Search code examples
pythonscikit-learnlogistic-regression

logistic like curve fitting using machine learning


I asked this question in data science threads, but didn't get an answer. Hence posting here.

I have a set of points of a function k(x). I am trying to do some curve fitting to find the exact k(x) function. It seems that the data points fit to a logistic like curve only a little shifted and stressed.

So far I have tried polynomial regression, but I don't feel the fitting is correct. I have attached a snap of the fitted curve here.

So my question is, is logistic regression only used in classification tasks? Or can it be used for curve fitting?

If not what are the other available techniques to fit a logistic like curve to a set of data points? Polynomial regression

EDIT

Following is the code. (x,y) are the datapoints.

import matplotlib.pyplot as plt 
import numpy as np
from sklearn.linear_model import Ridge
from sklearn.pipeline import make_pipeline
from sklearn.preprocessing import PolynomialFeatures
from sklearn.metrics import mean_squared_error
from sklearn.linear_model import LogisticRegression

x = np.array([0.3, 0.4, 0.5, 0.6, 0.65, 0.67, 0.8])
y = np.array([-936, -892, -178.33, -50.7, -65.7, -70.44, -9])

degree = 5

model = make_pipeline(PolynomialFeatures(degree), Ridge(alpha=1E-10, fit_intercept=False))
# model = LogisticRegression(random_state=0, solver='lbfgs')
model.fit(x[:, None], y)
ridge = model.named_steps['ridge']
print(ridge.coef_)
coef = ridge.coef_

poly_mse = mean_squared_error(model.predict(x[:, None]), y)
print 'RMSE', math.sqrt(poly_mse)

predictions = model.predict(np.arange(0.28,0.85,0.0001).reshape(-1, 1))

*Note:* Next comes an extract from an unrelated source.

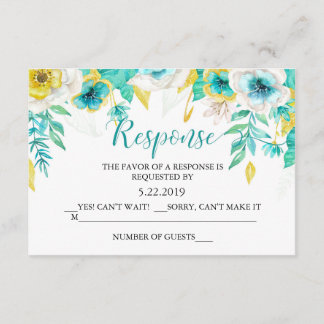 Aqua Blauwgroen Floral Wedding RSVP-kaart RSVP Kaartje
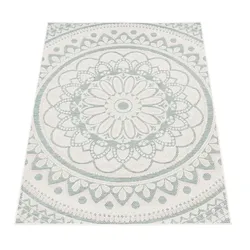 FLACHWEBTEPPICH, mit Mandala-Muster, Türkis, 80 x 150 cm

plt.plot(x, y, 'ro', label='Measurement Data')
plt.plot(np.arange(0.28,0.85,0.0001), predictions, label="Best Fit: %.2f$X^4$ %.2f$X^3$ + %.2f$X^2$ + %.2fX %.2f" % (coef[-1],coef[-2],coef[-3],coef[-4],coef[-5]))
plt.title('K vs Barium Proportion (X) at 10kHz')
plt.xlabel('Barium Proportion (X)')
plt.ylabel('K')
plt.show()

Solution

  • Here is a graphical fitter using your data and a simple three-parameter logistic type equation, the fit seems fairly good to me.

    plot

    import numpy, scipy, matplotlib
    import matplotlib.pyplot as plt
    from scipy.optimize import curve_fit
    import warnings
    
    xData = numpy.array([0.3, 0.4, 0.5, 0.6, 0.65, 0.67, 0.8])
    yData = numpy.array([-936.0, -892.0, -178.33, -50.7, -65.7, -70.44, -9.0])
    
    
    def func(x, a, b, c): # Logistic B equation from zunzun.com
        return a / (1.0 + numpy.power(x/b, c))
    
    
    # these are the same as the scipy defaults
    initialParameters = numpy.array([1.0, 1.0, 1.0])
    
    # curve fit the test data, ignoring warning due to initial parameter estimates
    warnings.filterwarnings("ignore")
    fittedParameters, pcov = curve_fit(func, xData, yData, initialParameters)
    
    modelPredictions = func(xData, *fittedParameters) 
    
    absError = modelPredictions - yData
    
    SE = numpy.square(absError) # squared errors
    MSE = numpy.mean(SE) # mean squared errors
    RMSE = numpy.sqrt(MSE) # Root Mean Squared Error, RMSE
    Rsquared = 1.0 - (numpy.var(absError) / numpy.var(yData))
    
    print('Parameters:', fittedParameters)
    print('RMSE:', RMSE)
    print('R-squared:', Rsquared)
    
    print()
    
    
    ##########################################################
    # graphics output section
    def ModelAndScatterPlot(graphWidth, graphHeight):
        f = plt.figure(figsize=(graphWidth/100.0, graphHeight/100.0), dpi=100)
        axes = f.add_subplot(111)
    
        # first the raw data as a scatter plot
        axes.plot(xData, yData,  'D')
    
        # create data for the fitted equation plot
        xModel = numpy.linspace(min(xData), max(xData))
        yModel = func(xModel, *fittedParameters)
    
        # now the model as a line plot
        axes.plot(xModel, yModel)
    
        axes.set_xlabel('X Data') # X axis data label
        axes.set_ylabel('Y Data') # Y axis data label
    
        plt.show()
        plt.close('all') # clean up after using pyplot
    
    graphWidth = 800
    graphHeight = 600
    ModelAndScatterPlot(graphWidth, graphHeight)